International Monetary Fund executive director Kristalina Georgieva told reporters that 50% of developing countries are at risk of falling further, raising concerns about stability and social unrest.
To avert bigger problems, she said rich countries and international institutions should bring in more. She also urged heavily indebted countries to seek debt restructuring sooner rather than later and improve conditions for growth. “Last year the focus was on the ‘Great Lockdown’. This year there is a risk of ‘great divergence’,” Georgieva told reporters during a videoconference. “We estimate that developing countries whose incomes have been converging for decades will be in a very difficult position this time around.”

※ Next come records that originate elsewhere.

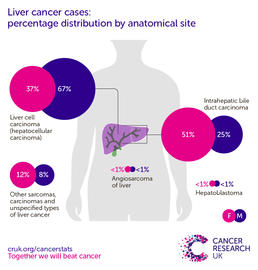 an infographic showing in females, the most common specific type of liver cancer in the UK is intrahepatic bile duct carcinoma, in males the most common specific type of liver cancer in the UK is hepatocellular carcinoma (2016-2018).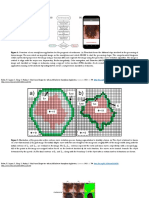 Melanoma Detection Smartphone Application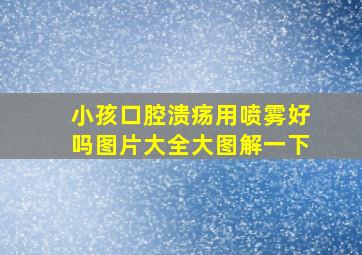 小孩口腔溃疡用喷雾好吗图片大全大图解一下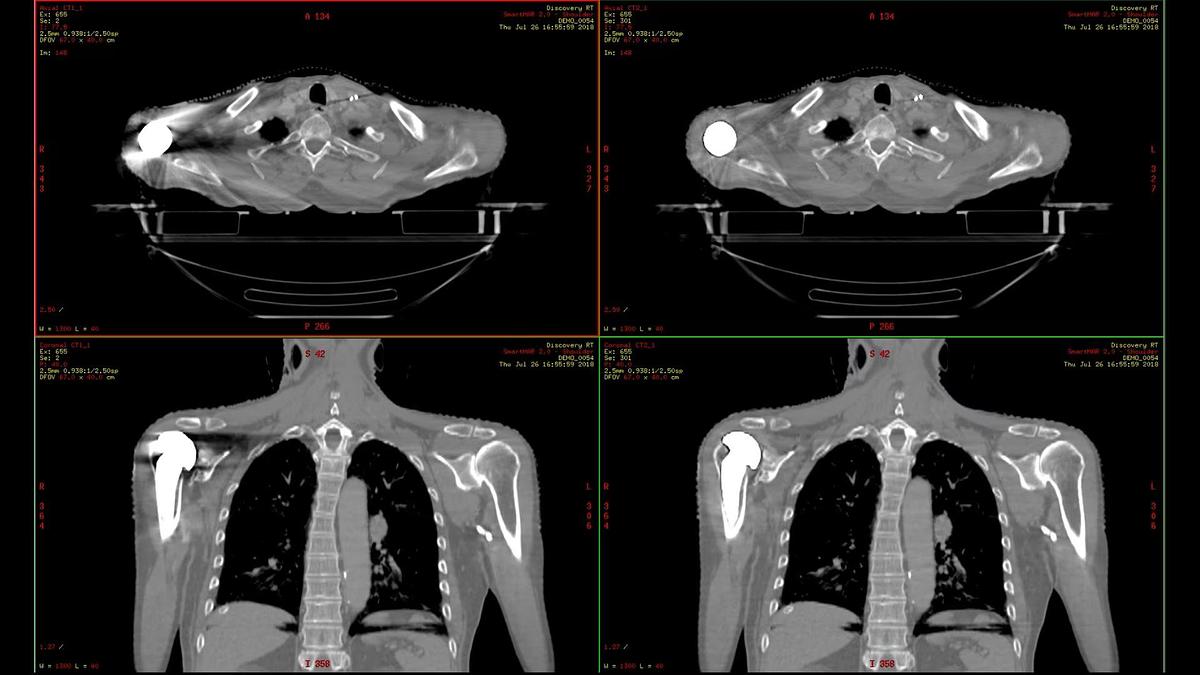Refurbished Tomografo General Electric (GE) Discovery CT590 RT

Setbacks to living standards in developing countries would make it much more difficult to achieve stability and security for the rest of the world, she said.
“What’s the risk? Social unrest. You can call it a lost decade. It can be a lost generation,” she said.

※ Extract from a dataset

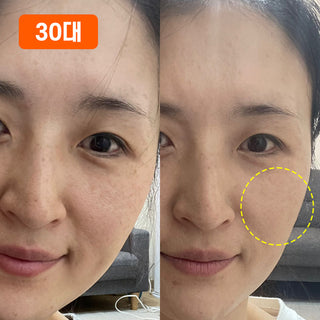 🤍지인언니 전용🤍 누구나 옅어질 수밖에 없는! 들깨기미크림 80g 2개입 SET (~84%)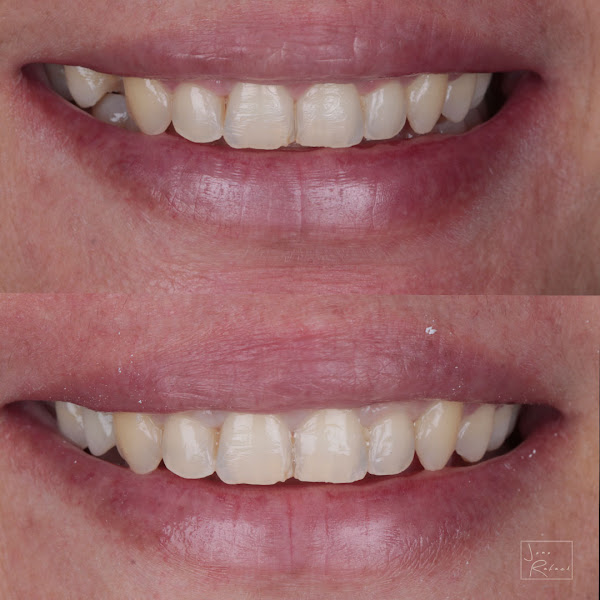 Foto de odontoclear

Georgieva said advanced economies spent an average of 24% of GDP on support measures during the pandemic, compared with 6% in emerging markets and 2% in low-income countries.
Georgieva, a former World Bank executive, said vaccination efforts are mixed and poor countries face “enormous difficulties” even if official development funds were to decline.
Only one country in Africa – Morocco – has started vaccinating its citizens, she said, citing serious concerns about increased mortality in many African countries.
“We must do everything in our power to reverse this dangerous divergence,” she said. Developing countries could also miss a significant shift in rich countries towards more digital and green economies.
She said that accelerating vaccinations could add $ 9 trillion to the global economy by 2025, with 60% of the benefits benefiting developing countries.
Georgieva said she is still working with IMF shareholders to enlist support for a reallocation of the IMF’s own currency or special drawing rights (SDRs) that could provide resources to poorer countries.
Former US President Donald Trump blocked such a move, much like a central bank that prints money. Support from the United States, the IMF’s dominant shareholder, is more likely under President Joe Biden, whose administration, according to sources familiar with their views, is open to a new allotment. The Biden administration has not publicly addressed the problem.
Georgieva said an SDR allocation of $ 250 billion in 2009 helped stabilize the world economy during the global financial crisis, and the current situation is more serious.
She said the IMF is conducting a periodic review of long-term liquidity needs that may warrant a new SDR allocation, but did not provide any further details.
A group of seven tax officials will discuss a possible new SDR allocation when they meet on Feb.12, the sources said.
(Except for the headline, this story was not edited by GossipMantri staff and published from a syndicated feed.)